**The problem:**
An unchanged copy of all the lines below is expected, and it should contain no pictures.

**Dataset content:**
------------------------
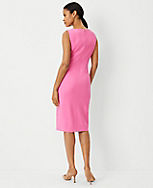 The Petite Seamed V-Neck Sheath Dress in Linen Blend carousel Product Image 2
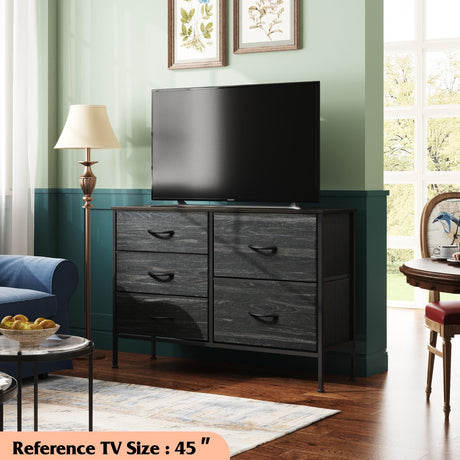 WLIVE Dresser for Bedroom with 5 Drawers, Wide Bedroom Dresser with Drawer Organizers, Chest of Drawers, Fabric Dresser for Living Room, Closet, WLIVE
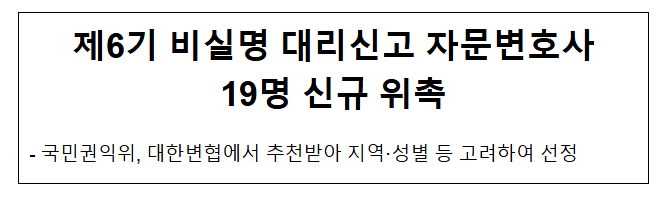 제6기 비실명 대리신고 자문변호사 19명 신규 위촉 제6기 비실명 대리신고 자문변호사 19명 신규 위촉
------------------------
**Completed exercise:**
 The Petite Seamed V-Neck Sheath Dress in Linen Blend carousel Product Image 2
 WLIVE Dresser for Bedroom with 5 Drawers, Wide Bedroom Dresser with Drawer Organizers, Chest of Drawers, Fabric Dresser for Living Room, Closet, WLIVE
 제6기 비실명 대리신고 자문변호사 19명 신규 위촉 제6기 비실명 대리신고 자문변호사 19명 신규 위촉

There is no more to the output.